On Thursday, October 6, Victoria councillor Marianne Alto introduced two motions calling on the City of Victoria to “open up government” by “providing its data for easy observation and use to the people who pay for it – local residents.”
Alto asked that her fellow councillors, and the City, adpot a set of “open data principles”, namely that all data made public should be complete, collected at source, released in a timely fashion, accessible, freely available, and non-proprietary.
Alto then asked that City staff report back on the cost associated with taking specific actions, including building searchable databases of bylaws and permits, creating searchable archives of council agendas and minutes, enabling live video streaming of council meetings, and automatically releasing all reports submitted to council.
Alto’s motions were warmly received by the other councillors, and passed easily. “It’s great for governance, it’s great for citizens who want to engage our city,” said mayor Dean Fortin.
As advocates for transparent government, we at Open Victoria also applaud councillor Alto for her initiative.
However, we have to wonder if many of these proposals will actually be realized.
In January 2009, right after he was elected mayor of Victoria, Dean Fortin told Monday Magazine (original article here) that he would take similar steps to more open government:
Fortin pledges accountability
In the run-up to November’s  municipal election, then-mayoral candidate Dean Fortin told Monday that one of the steps he would take if he were made mayor was recording council votes and posting them to the City of Victoria website. He also suggested recording city council meetings and streaming them live to the web so residents could have access to “really boring TV,” that would, nonetheless, increase accountability and transparency at City Hall. So does Fortin still feel the same now that he finds himself in the driver’s seat?
“It’s absolutely and totally on the agenda,” says Fortin. “I think it speaks to who this administration, mayor and council are.”
None of this was done. Votes continue to go unrecorded, and the councillors have disappeared into closed, in-camera sessions at 32 of 33 of their meetings. Should anyone expect such tendencies to change if the same administration remains in place?
Alto’s motion also failed to impose any date or deadline for staff to report back on the feasibility of such changes, let alone implement them.
Open-data initiatives don’t need to take long. In October 2009, Edmonton councillor Don Iveson made a proposal like Alto’s, and by January 2010, the City of Edmonton’s information technology department – using a report they’d crowdsourced in Google Documents – had their open-data catalogue up and running.
The City of Victoria’s legislative services director, Rob Woodland, did tell the councillors that some items in Alto’s motion would be coming “sooner rather than later”, especially once the City’s new website is up and running. However, the new website’s been in the works for many moons now. (Ironically, at the same meeting, councillors finally received the City’s new bicycle parking strategy – which took two years to prepare.) Target dates have been part of open-data projects in other cities, and Victoria’s should have one too.

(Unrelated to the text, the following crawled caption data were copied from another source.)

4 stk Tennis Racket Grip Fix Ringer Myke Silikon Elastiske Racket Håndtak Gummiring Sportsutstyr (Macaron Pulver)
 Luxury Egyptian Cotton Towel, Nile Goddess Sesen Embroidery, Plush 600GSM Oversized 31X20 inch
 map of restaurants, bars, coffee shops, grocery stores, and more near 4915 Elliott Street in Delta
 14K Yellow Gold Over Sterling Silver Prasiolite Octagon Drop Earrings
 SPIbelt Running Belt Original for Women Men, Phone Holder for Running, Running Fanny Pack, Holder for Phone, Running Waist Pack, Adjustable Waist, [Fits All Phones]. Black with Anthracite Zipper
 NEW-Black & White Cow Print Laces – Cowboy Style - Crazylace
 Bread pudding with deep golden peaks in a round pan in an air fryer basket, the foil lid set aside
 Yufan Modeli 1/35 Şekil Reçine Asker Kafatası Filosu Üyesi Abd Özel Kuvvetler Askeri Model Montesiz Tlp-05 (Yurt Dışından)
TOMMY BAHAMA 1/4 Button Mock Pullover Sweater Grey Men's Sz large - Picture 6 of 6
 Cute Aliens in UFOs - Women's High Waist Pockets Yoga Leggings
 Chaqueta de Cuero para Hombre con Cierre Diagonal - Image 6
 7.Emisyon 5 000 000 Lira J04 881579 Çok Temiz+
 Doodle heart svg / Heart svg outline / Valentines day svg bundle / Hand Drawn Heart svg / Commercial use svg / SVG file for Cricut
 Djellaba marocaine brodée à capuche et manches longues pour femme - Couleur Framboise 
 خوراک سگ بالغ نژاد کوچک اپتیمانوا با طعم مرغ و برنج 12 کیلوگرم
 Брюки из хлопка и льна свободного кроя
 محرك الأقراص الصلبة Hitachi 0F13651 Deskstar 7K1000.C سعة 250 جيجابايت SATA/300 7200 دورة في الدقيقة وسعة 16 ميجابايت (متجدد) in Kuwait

Finally, missing from Alto’s plan was any provision to ask the public – the people who are actually going to use the data – what and how they want it made available. Usually, the first step a municipal government takes is to hold a City Camp, where programmers and citizens identify the needs and priorities. This would be infinitely preferable to a top-down, we-know-best approach, where City Hall unilaterally dictates what information it will allow the public to have.
Any move toward more open information at City Hall is to be congratulated, and we thank councillor Alto for her initiative. But transparency is about more than just data – it’s a culture, and one that the City of Victoria has been slow to embrace. Citizens will have to be vigilant to see if City Hall actually puts its open-data principles into practice.